Return each line exactly, beginning with the one that has "Two intraoperative views" and finishing with the final line of the material. Drop any pictures.

| Recorded data |

══════

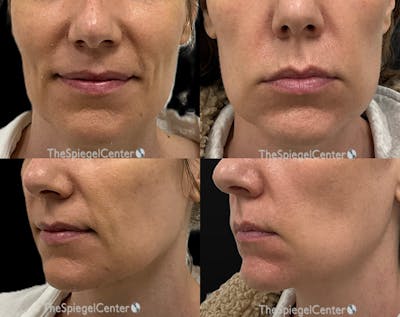 Nasolabial Fold Filler Before & After Gallery - Patient 114124 - Image 1
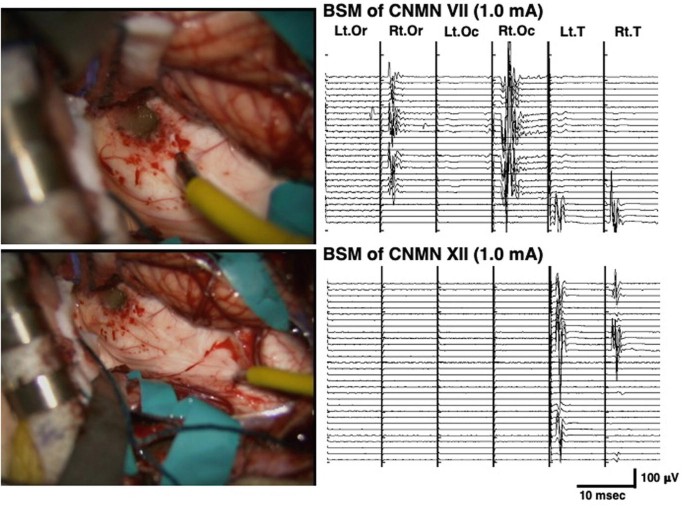 Two intraoperative views of the removal of the tumor and hematoma. On the right are two C B T-M E P recordings for B S M of C N M N seven and twelve.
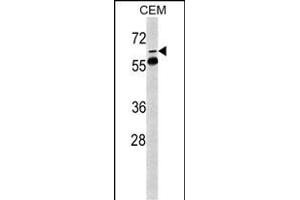 Western blot analysis of FKBP10 Antibody (N-term) (ABIN391572 and ABIN2841509) in CEM cell line lysates (35 μg/lane). (FKBP10 anticorps  (AA 57-87))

══════

| Response |
 Two intraoperative views of the removal of the tumor and hematoma. On the right are two C B T-M E P recordings for B S M of C N M N seven and twelve.
 Western blot analysis of FKBP10 Antibody (N-term) (ABIN391572 and ABIN2841509) in CEM cell line lysates (35 μg/lane). (FKBP10 anticorps  (AA 57-87))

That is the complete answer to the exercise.